While no examples of the work of the earliest cabinet makers have been reported, a mahogany occasional table (plate 4) made by a relatively early craftsman has been found. It bears a label identifying it as a product of Samuel Creed who set up shop in St. John's around 1835. Creed, a British trained cabinet maker, had worked for some time at his craft in Halifax, Nova Scotia before moving to St. John's.
The early cabinet makers must have been few in number. Hutchinson's Newfoundland Directory for 1864 lists only seven in St. John's: Thomas Bearns, Thomas Cole, William Daymond, Michael Dunne, Richard Goff, Patrick Hagerty and William Pickerd. In Harbour Grace John Mitchell was the only cabinet maker listed.
It is believed that Pope's was Newfoundland's first and longest surviving furniture factory. This firm began making a small amount of furniture and coffins in 1860 and later expanded to mass-produce a general line of household furniture including mattresses and bolsters. Pope's Furniture Factory ceased operation in 1958. According to the Census of Newfoundland and Labrador, 1884, there were four furniture factories in St. John's East employing 77 persons altogether and three in St. John's West employing 14 persons. The Directory of St. John's, Harbour Grace, Carbonear, 1885-6, however, credits St. John's with just three factories but identifies only two: Bearns Furniture Factory, Springdale Street and Newfoundland Furniture Factory, Forest Road.
The Newfoundland Furniture Factory made furniture comparable to the better grades of furniture manufactured in factories on the North American mainland and in Great Britain as one bedroom dresser (plate 5) attests. The dresser is made from walnut and has a marble top. Construction details such as the hand cut dovetail joints in the drawers indicate competent and careful workmanship. A label on the back of this imposing item reads: "Newfoundland Furniture & Moulding Co. Show Rooms - Duckworth Street Steam Factory - Forest Road". The date, Sept. 1887, is written on the underside of the marble top.
By the turn of the twentieth century there were more than a dozen furniture making businesses operating in the more populated areas of Newfoundland. These included cabinet making/upholstery enterprises and factories employing form only one to a dozen or more men. The furniture they produced ranged widely from expensive high quality items crafted from fine imported woods to cheap mass-produced goods improvised from locally available materials.
Furniture factories reached their peak activity early in the twentieth century but then began to decline. Their diminution may reflect increased competition from factories on the North American mainland. The dropping of tariffs on Canadian furniture after Newfoundland joined Canada in 1949 undoubtedly contributed to their ultimate demise.

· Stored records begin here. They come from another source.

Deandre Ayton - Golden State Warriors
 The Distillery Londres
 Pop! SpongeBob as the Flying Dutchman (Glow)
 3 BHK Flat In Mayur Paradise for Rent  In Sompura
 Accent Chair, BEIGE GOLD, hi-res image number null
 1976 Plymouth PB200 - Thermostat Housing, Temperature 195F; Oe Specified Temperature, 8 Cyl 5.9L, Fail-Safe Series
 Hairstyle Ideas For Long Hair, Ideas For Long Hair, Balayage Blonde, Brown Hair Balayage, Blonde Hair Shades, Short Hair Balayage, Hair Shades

Cabinet making and upholstering shops which may have offered more highly priced custom made cabinetwares presumably began to decline much earlier due to the steadily increasing competition from local and mainland factories. Cabinet making shops had at least one advantage over the larger factories, however. When competition for new furniture was great, unlike a large factory, a small cabinet making and upholstering business might survive doing repair work, refinishing and re-upholstering.